- Status: Active
- Date: October 15
- Venue: Oke Eletu, Ijede Local Council Development Area
- Location: Ikorodu
- Country: Nigeria

= Eyibi Festival =

Cultural festival in Ikorodu, Nigeria

The Eyibi Festival is an annual cultural celebration held in Oke Eletu, Ijede Local Council Development Area (LCDA) of Ikorodu Local Government of Lagos State, Southwest, Nigeria. The festival is sometimes celebrated as Eyibi/Eluku Festival It showcases the community's rich Yoruba heritage, focusing on unity, peace, and spiritual renewal. Rooted in ancestral traditions, the festival serves as a time for communal bonding and cultural preservation. The Eluku and the Agemo festival are sub-festivals of the Eyibi festival which are usually celebrated among the Ijebus.

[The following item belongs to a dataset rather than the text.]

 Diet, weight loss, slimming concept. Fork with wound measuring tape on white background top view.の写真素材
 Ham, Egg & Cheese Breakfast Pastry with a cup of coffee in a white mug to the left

== 2024 Eyibi festival celebration ==
The 2024 Eyibi Festival commenced on October 15 with the traditional Ituworo ceremony, which involves the gathering of significant leaves used in rituals to invoke blessings of peace, harmony, and economic prosperity for the community. The Eletu of Oke Eletu, Eletu Adeniyi Omotayo Ajayi, the traditional head of Oke Eletu emphasized the importance of unity and peace, marked by elaborate ceremonies, cultural displays, and traditional rites.